■ WHAT IS REQUIRED
Write the following entries out again exactly, skipping each image.

■ EXCERPTED DATA

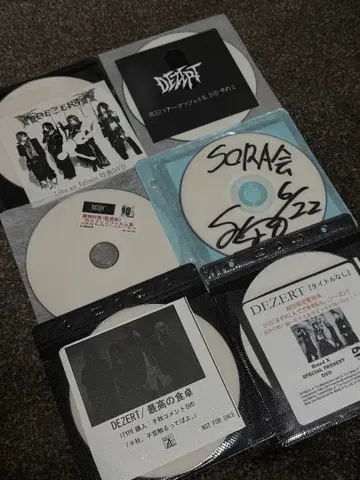 DEZERT 구매 혜택 DVD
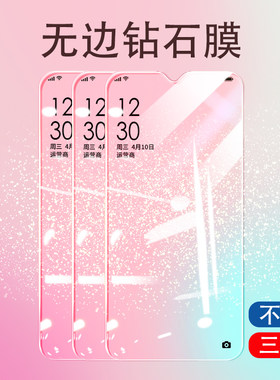 适用realmex2钢化膜Q全屏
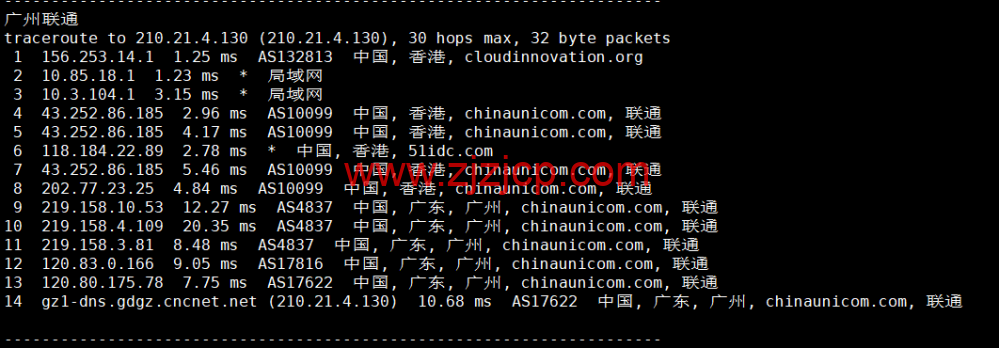 DiyVM:香港 vps,2 核/2G 内存/50G 硬盘/不限流量/5Mbps 带宽,月付 50 元起,简单测评 DiyVM:香港 vps,2 核/2G 内存/50G 硬盘/不限流量/5Mbps 带宽,月付 50 元起,简单测评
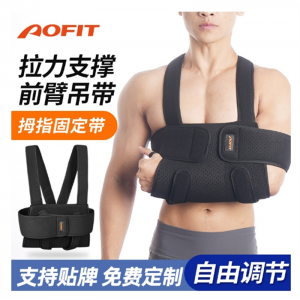 前臂手肘多功能吊带上肢手臂骨折肩颈腕保护拖带护肘护臂工厂定制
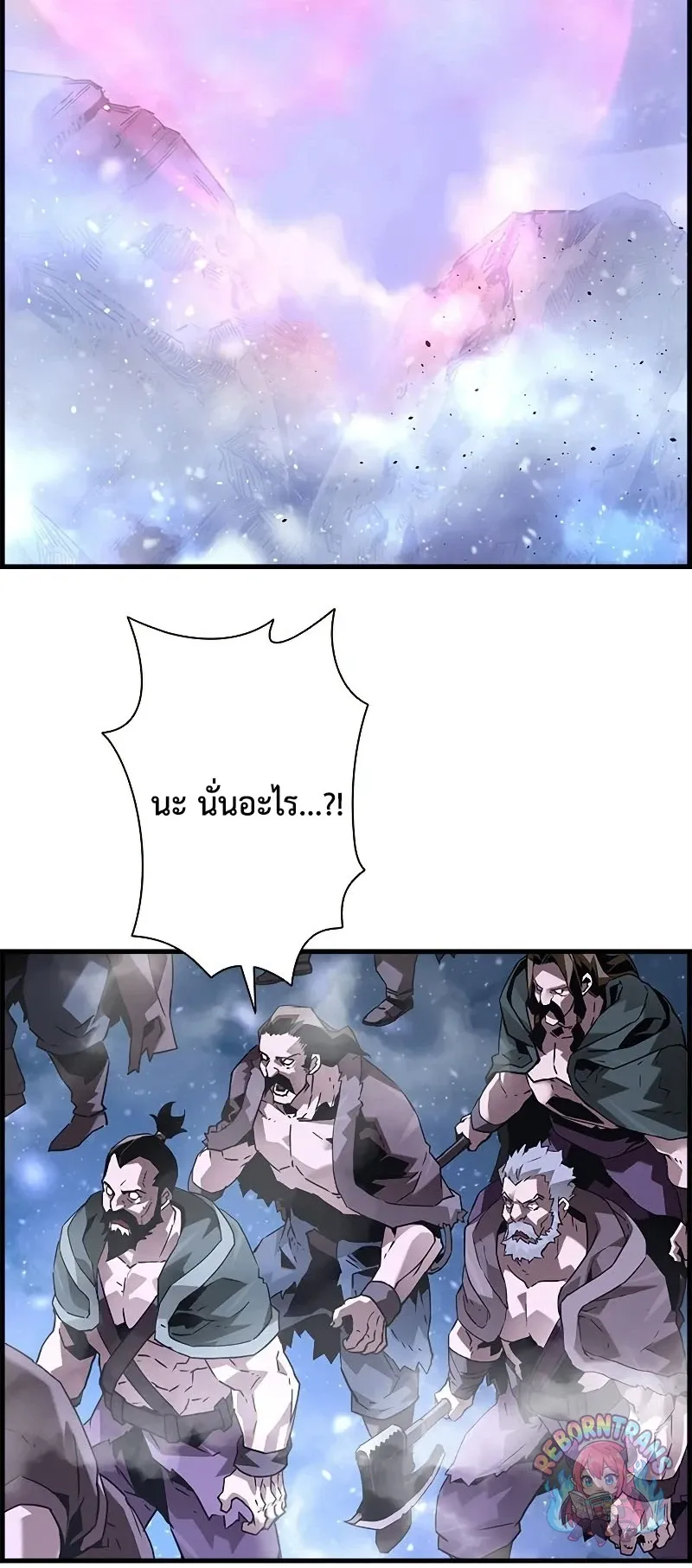 Necromancer_s Evolutionary Traits ตอนที่ ตอนที่ 114 รูปที่ 23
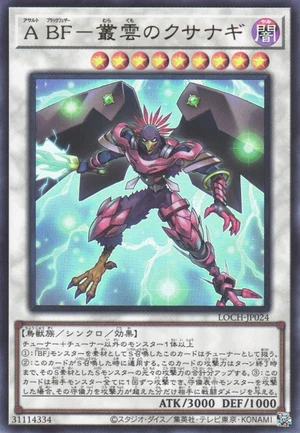 Assault Blackwing - Kusanagi the Gathering Storm LOCH-JP024 - Limit Over Collection The Heroes Yu-Gi-Oh Card Japanese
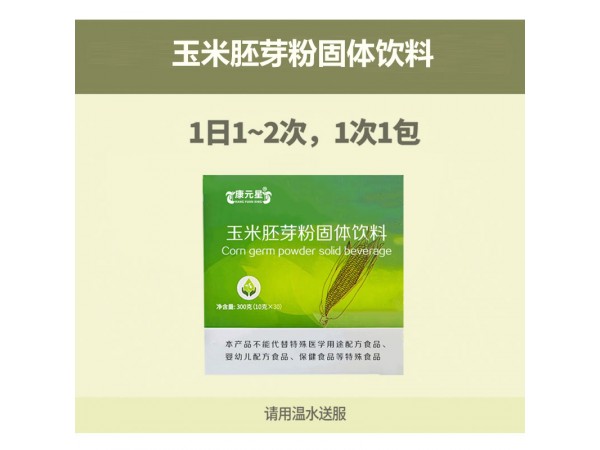 玉米胚芽粉固體飲料oem山東慶葆堂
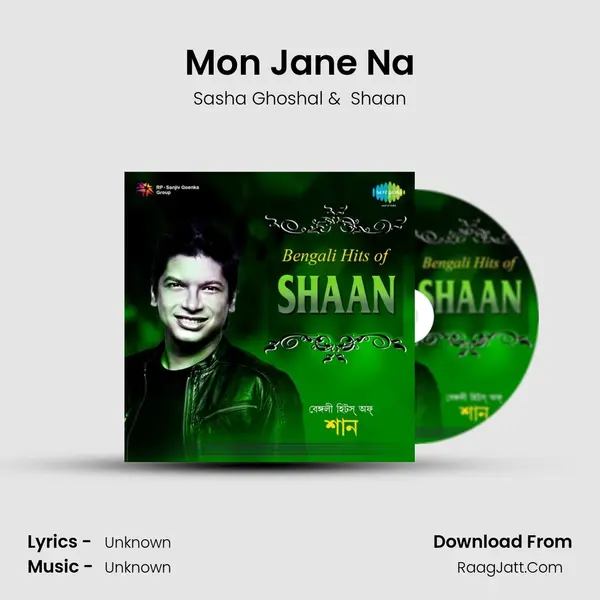Mon Jane Na Cover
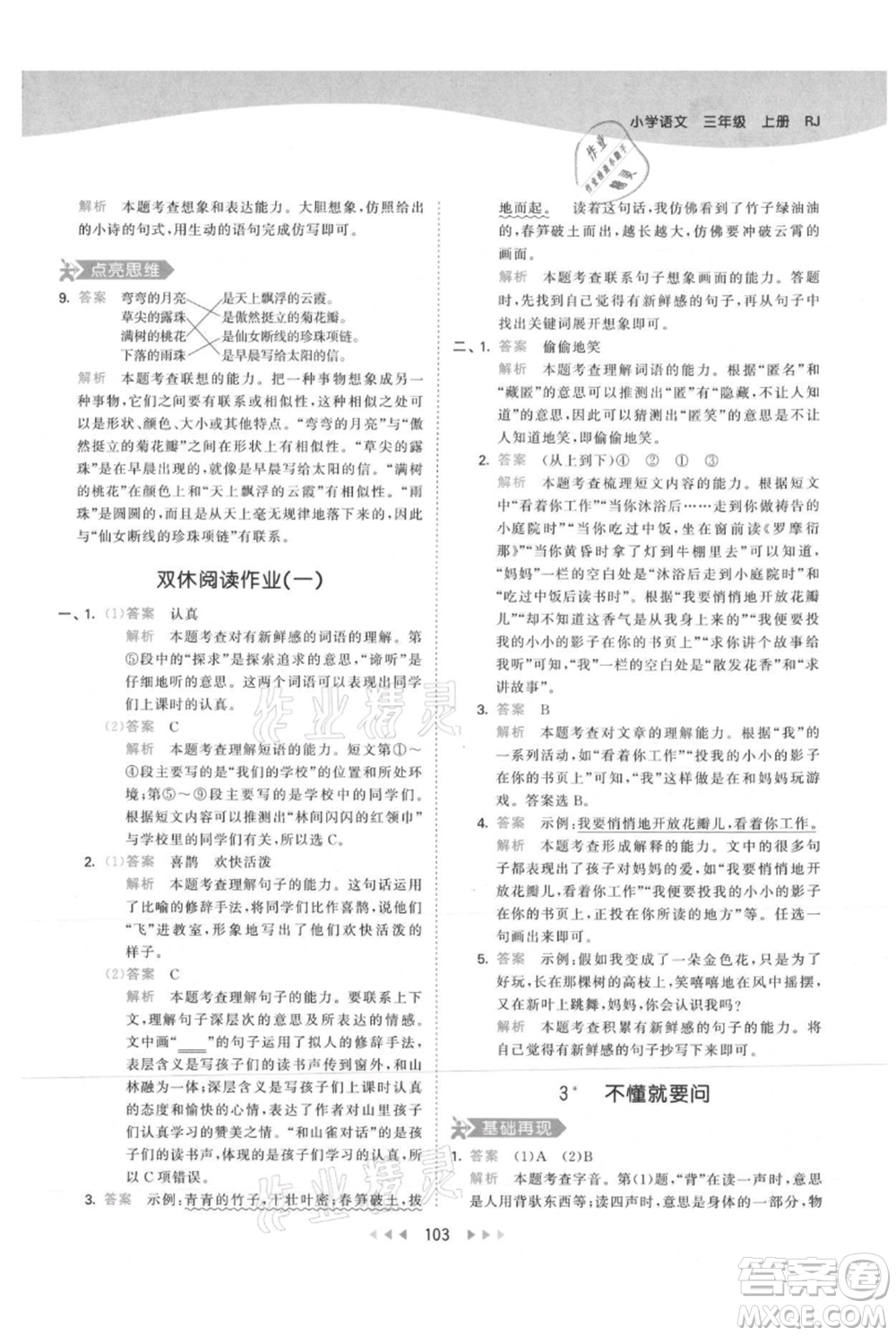 教育科學(xué)出版社2021年53天天練三年級上冊語文人教版參考答案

■ SOLVED PROBLEM
 DEZERT 구매 혜택 DVD
 适用realmex2钢化膜Q全屏
 DiyVM:香港 vps,2 核/2G 内存/50G 硬盘/不限流量/5Mbps 带宽,月付 50 元起,简单测评 DiyVM:香港 vps,2 核/2G 内存/50G 硬盘/不限流量/5Mbps 带宽,月付 50 元起,简单测评
 前臂手肘多功能吊带上肢手臂骨折肩颈腕保护拖带护肘护臂工厂定制
 Necromancer_s Evolutionary Traits ตอนที่ ตอนที่ 114 รูปที่ 23
 Assault Blackwing - Kusanagi the Gathering Storm LOCH-JP024 - Limit Over Collection The Heroes Yu-Gi-Oh Card Japanese
 玉米胚芽粉固體飲料oem山東慶葆堂
Mon Jane Na Cover
 教育科學(xué)出版社2021年53天天練三年級上冊語文人教版參考答案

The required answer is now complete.